Temporal Precision@K¶
Retrieval Metric
Temporal Precision@K measures the fraction of top-K retrieved documents that are temporally relevant to the query. A document is considered temporally relevant if its Document Focus Time (DFT) overlaps with the Query Focus Time (QFT).
Formula¶
\[
\text{TemporalPrecision@K} = \frac{|\{d \in D_K : \text{rel}(d, q) = 1\}|}{K}
\]
Where:
- \(D_K\) = set of top-K retrieved documents
- \(\text{rel}(d, q) = 1\) if \(|QFT \cap DFT_d| > 0\), otherwise 0
- \(QFT\) = Query Focus Time (set of years)
- \(DFT_d\) = Document Focus Time for document \(d\)
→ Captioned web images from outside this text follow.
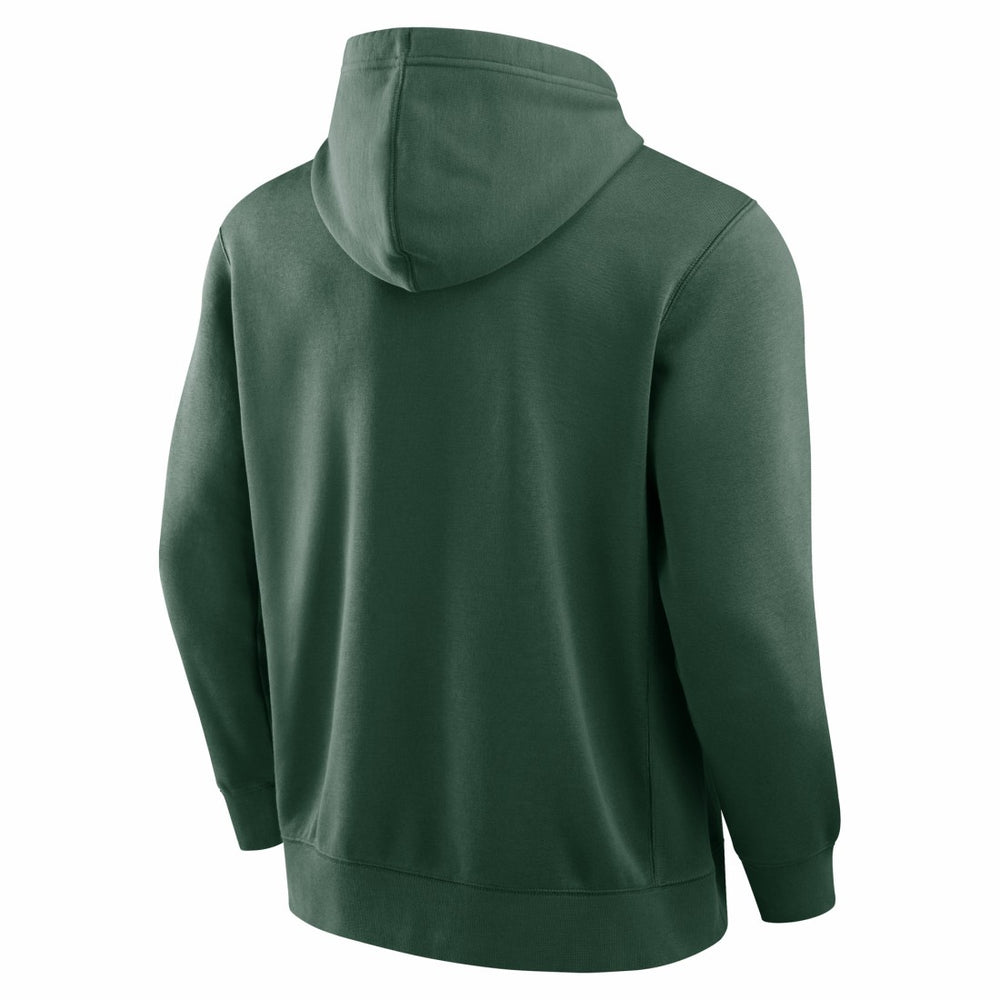 Green Bay Packers New Horizons Heritage Pullover Hoodie - Green Hoodies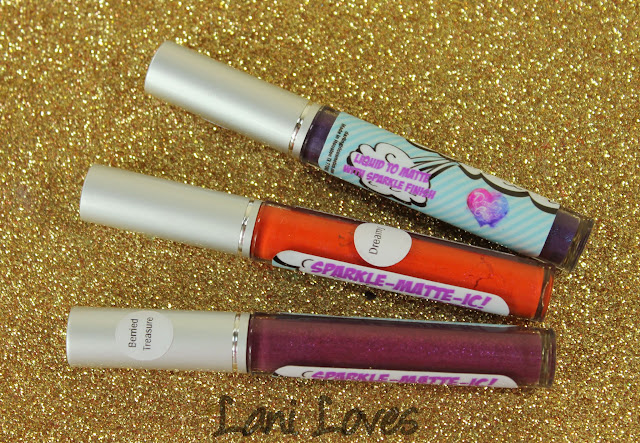 Darling Girl Sparkle Matte-ic Lip Tints - Berried Treasure, Dreamy and Galactic Love Story Swatches & Review
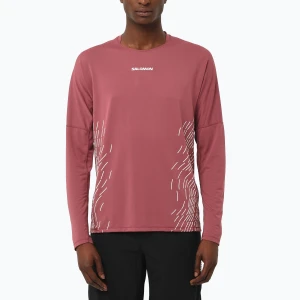 Zdjęcie produktu Longsleeve do biegania męski Salomon Sense Aero GFX nocturne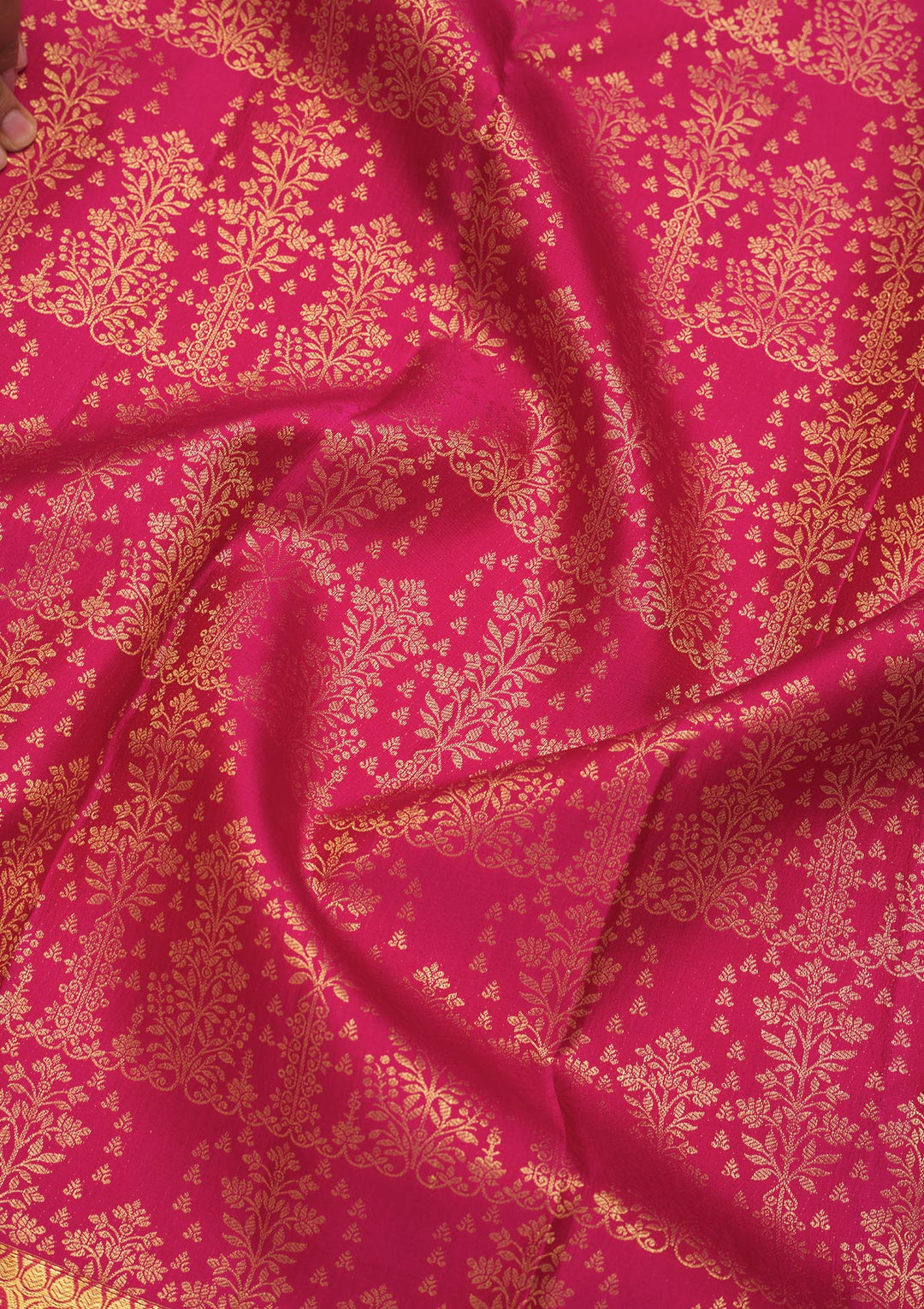 Pink Zariwork Pure Silk Saree
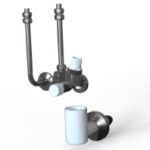 ALVA AQSPNOSAG2 ALVA Nova Speicheranschlussgar. 1/2" 6 bar, poliert, nickelfrei, Chrom  Verpackungseinheit:1ST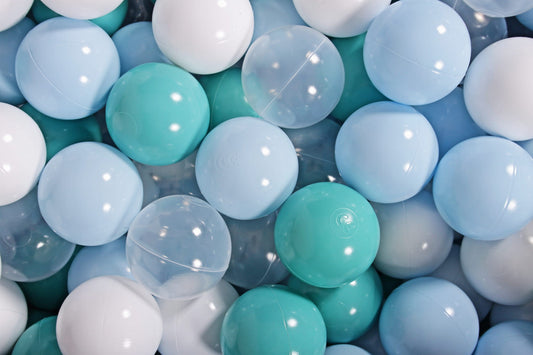 Ballenbak Ballen 200 Stuks - Blauw/Turquoise/Wit - Educatief en Veilig - SpeelSterk 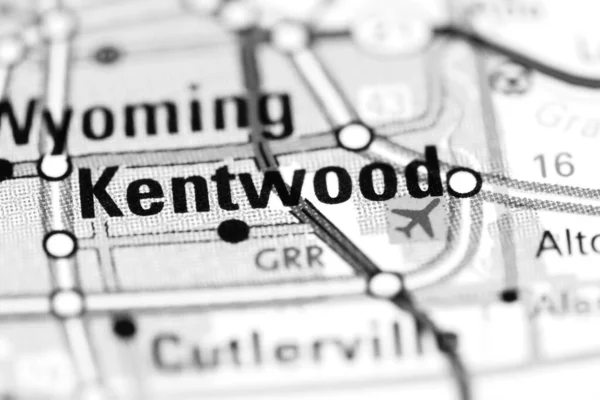 Kentwood Michigan Abd Haritada — Stok fotoğraf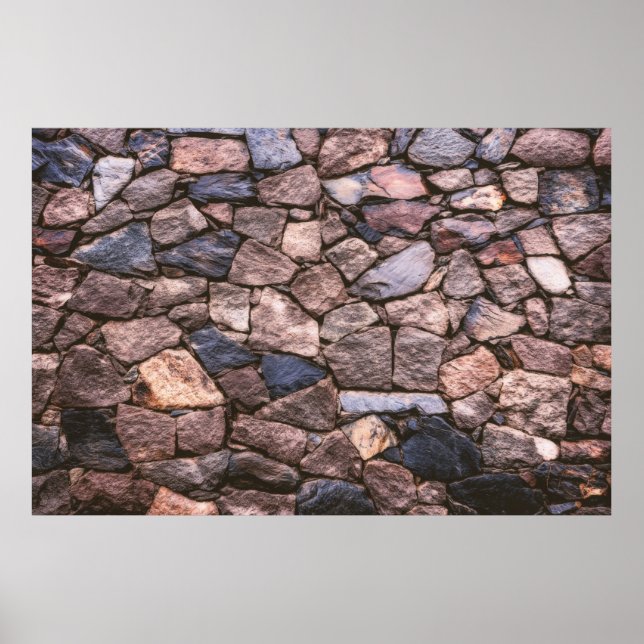 Poster Muro de pedra castanha (Frente)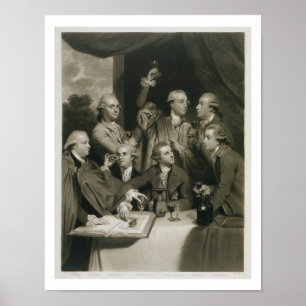 Sir William Hamilton (1730-1803) mit anderem Poster
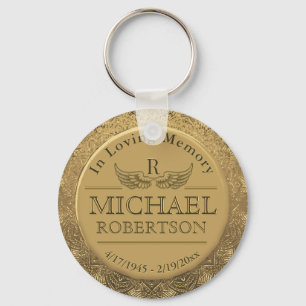 Monogram Memorial in Loving Memory Key Ring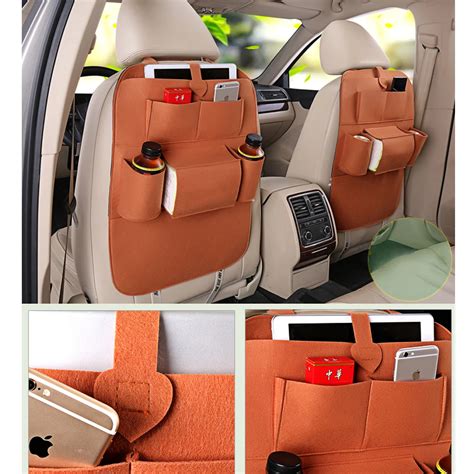 Car Backseat Bag Magazine Organizer Pocket Car Interior Accessories ...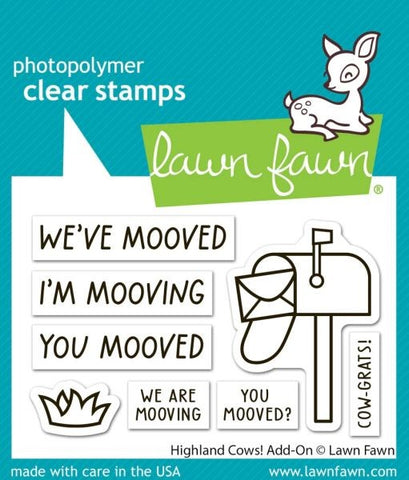 Highland Cows! - Add On - Clear Stamps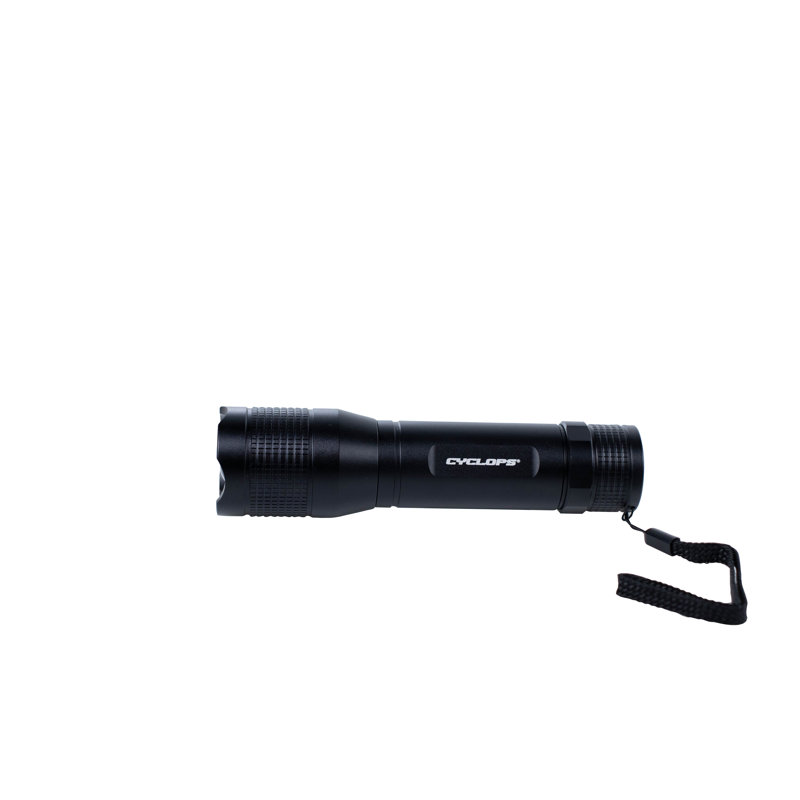 11.2'' Battery Powered Integrated LED Flashlight, 1500, 5" H x 1.25" W x 1.25" D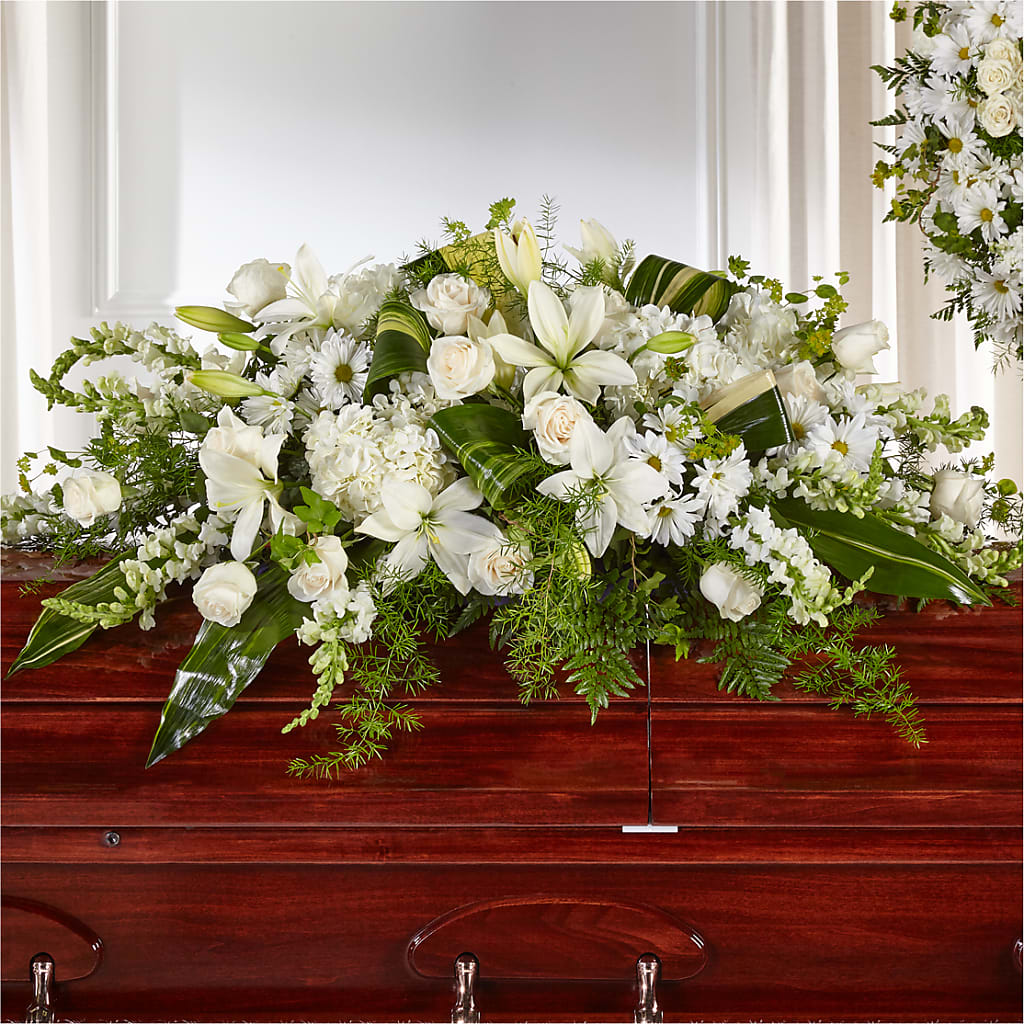 Abundance Casket Spray – ALANA'S FLOWERS & GIFTS, Etobicoke ON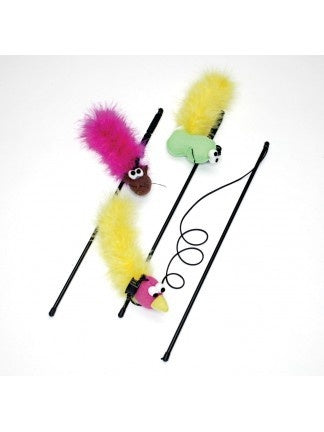 Ethical Pet SPOT Feather Boa Teaser Wand with Catnip Toy - Mr Mochas Pet Supplies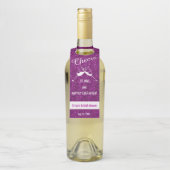 Liebe Brautparty einladen Flaschenanhänger (Auf Flasche)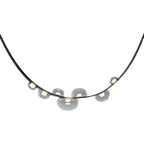 Krystof – Nordic Dimmable LED Pendant Light with Glass Shade and Leather Belt Suspension Monalume.com
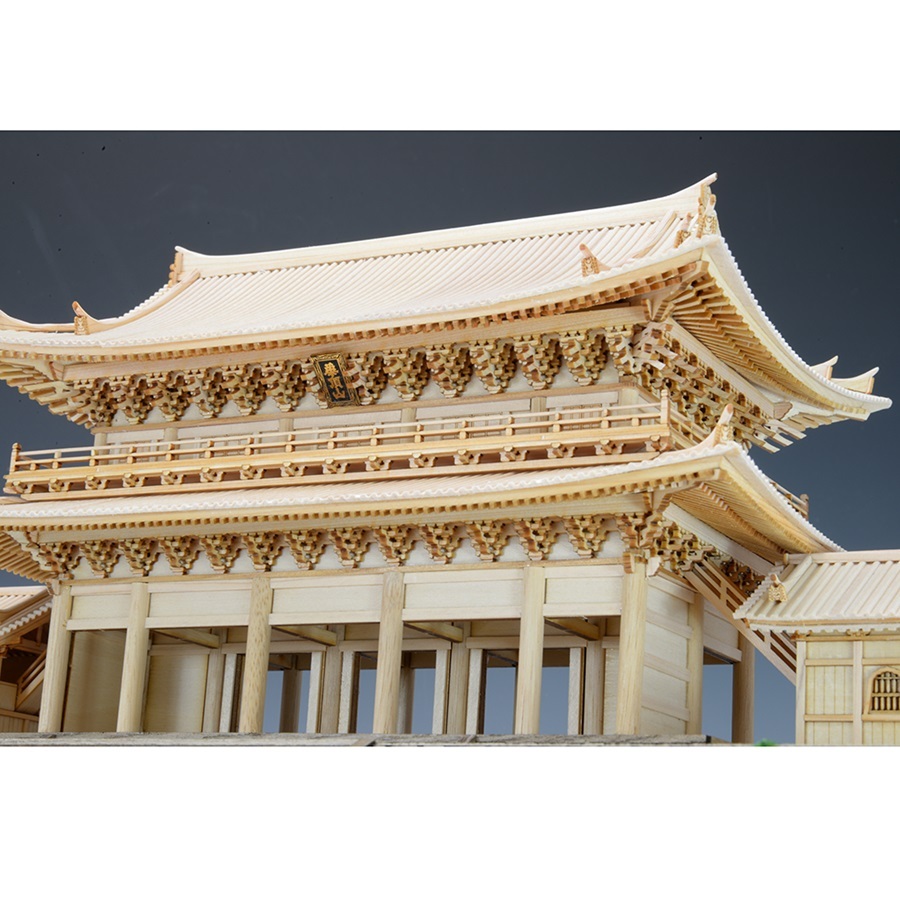 画像: ウッディジョー (NO.256) 1/150 知恩院 三門 木製模型 組立キット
In simple terms: What fraction of retrieved documents are from the right time period?
Inputs¶
queryandretrieved_docs(LLM mode)temporal_focus(LLM mode)qftanddfts(Focus Time mode)k(cutoff)
Output¶
- Range: [0, 1], higher is better.
Prompt (LLM mode)¶
Judge if a retrieved document helps answer the TEMPORAL aspects of a query.
Query: "{query}"
Temporal Focus: {temporal_focus}
Document:
{document}
Question: Does this document provide information that DIRECTLY helps answer the temporal aspects of the query?
Guidelines:
- Verdict = 1 if document contains temporal information (dates, durations, time periods, temporal sequences)
- Verdict = 0 if document lacks temporal information even if generally relevant
- For "when" queries: document must mention specific times/dates
- For "how long" queries: document must mention durations/time periods
- For "recent" queries: document must mention recency or recent dates
- Be STRICT: generic facts without temporal markers are NOT temporally relevant
Respond ONLY with valid JSON:
{
"temporal_expressions_found": ["list of temporal expressions found"],
"relevance_to_query": "high|medium|low|none",
"verdict": 1 or 0,
"confidence": 0.0-1.0,
"reason": "brief explanation"
}
Examples¶
Focus Time¶
from tempoeval.metrics import TemporalPrecision
metric = TemporalPrecision(use_focus_time=True)
score = metric.compute(qft={2020, 2021}, dfts=[{2020}, {2019}], k=2)
LLM¶
from tempoeval.metrics import TemporalPrecision
metric = TemporalPrecision()
metric.llm = llm
score = await metric.acompute(
query="When did X happen?",
retrieved_docs=["..."],
temporal_focus="specific_time",
k=5
)
Synchronous usage
Use compute(...) for sync calls and acompute(...) for async.